At operation 2106, reference windows 2210 can be generated following a similar process as the one described herein above. The reference windows 2210 comprise reference fingerprints associated with timestamps. As shown in FIG. 22, the reference windows 2210 may comprise a plurality of reference windows, such as reference window 2211 and reference window 2212, each of which may comprise a list of reference fingerprints and timestamps and may be associated with an identifier. The number of reference fingerprints in a reference window need not match the number of meter fingerprints in a meter window. For example, reference window 2211 can span reference fingerprints that correspond to 300 seconds of reference audio whereas meter window 2212 can span meter fingerprints that correspond to 15 seconds of meter audio. In another example, reference window 2212 can comprise 1,000 reference fingerprints whereas meter window 2202 can span 24 meter fingerprints. Also, the number of windows within reference windows 2210 need not match the number of windows within meter windows 2200.
At operation 2108, the reference windows 2210 are allocated to search engines 1800. In an embodiment, the windows within reference windows 2210 is allocated to a search engine 1800. For example, in an FPGA 1614 that comprises four search engines, reference window 2211 is allocated to a first search engine 1800 and reference window 2212 is allocated to a second search engine 1800. At operation 2110, the windows within meter windows 2202 are allocated to search engines 1800. In an embodiment, each of the meter windows 2200 can be allocated to a search engine. For example, the FPGA 1614 that comprises four search engines, meter window 2201 is allocated to a first second engine 1800 and meter window 2202 is allocated to a second search engine.

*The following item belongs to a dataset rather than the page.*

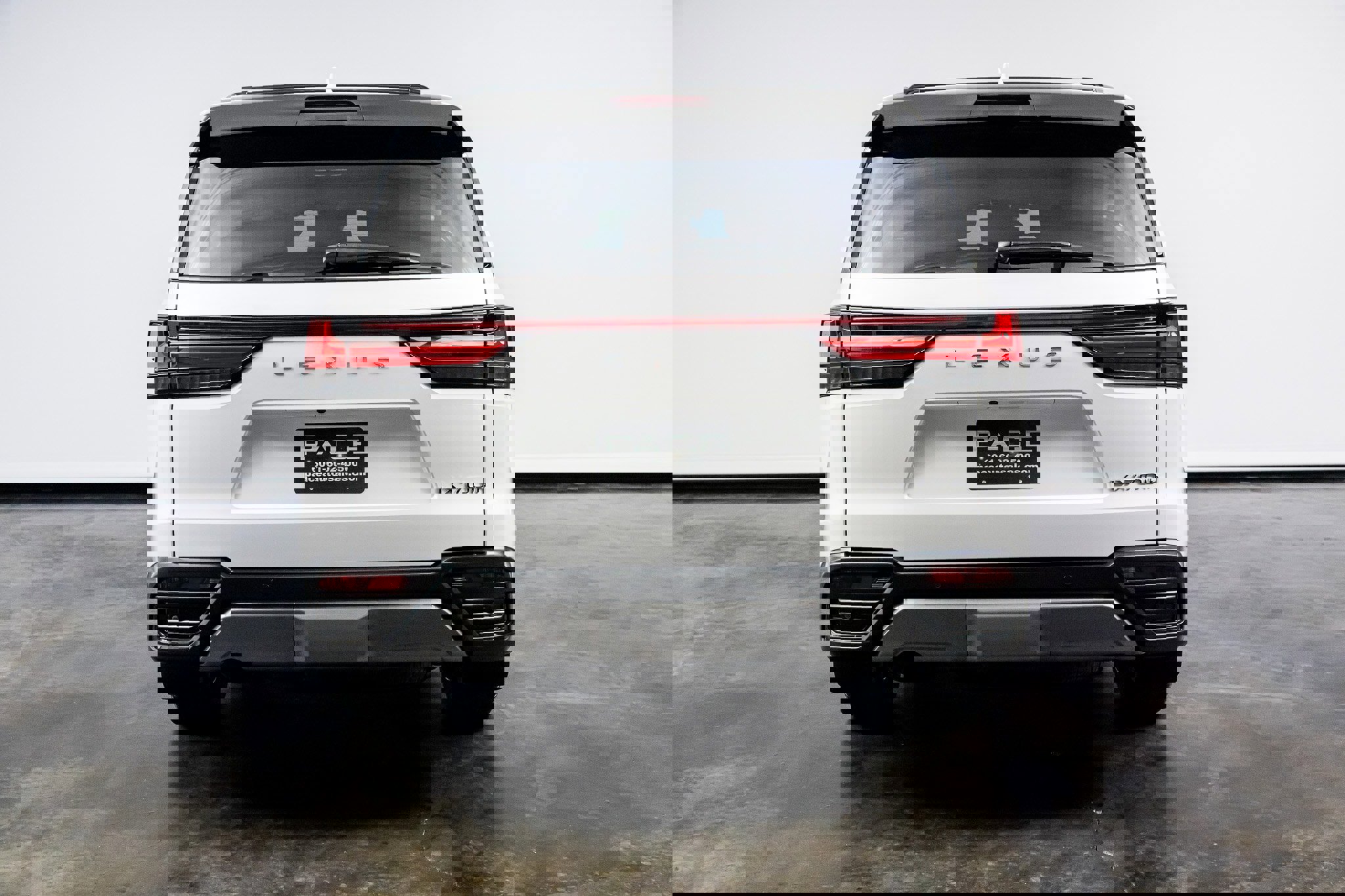 Used 2025 Lexus LX 700h Luxury image 19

At operation 2112, the meter fingerprints are compared to the reference fingerprints. In other words, within a search engine 1800 comprising a meter window and a reference window, a meter fingerprint from the meter window is compared to a reference fingerprint in the reference window. This comparison can be repeated until each of the meter fingerprints is compared to each of the reference fingerprints. The comparison can be a bit-by-bit comparison that counts the number of bit locations in which the bits of the two fingerprints are the same. In an embodiment, the comparison is implemented as XOR and sum functions within FPGA 1614. The two fingerprints are XOR'ed, the resulting bits are summed, and the sum is set as the value of the comparison. As such, the more similar the two fingerprints are, the smaller the value is. For example, if each of the fingerprints is 80 bits and the two fingerprints perfectly match, the value is “0.” If the two fingerprints differ by two bits, the value is “2.”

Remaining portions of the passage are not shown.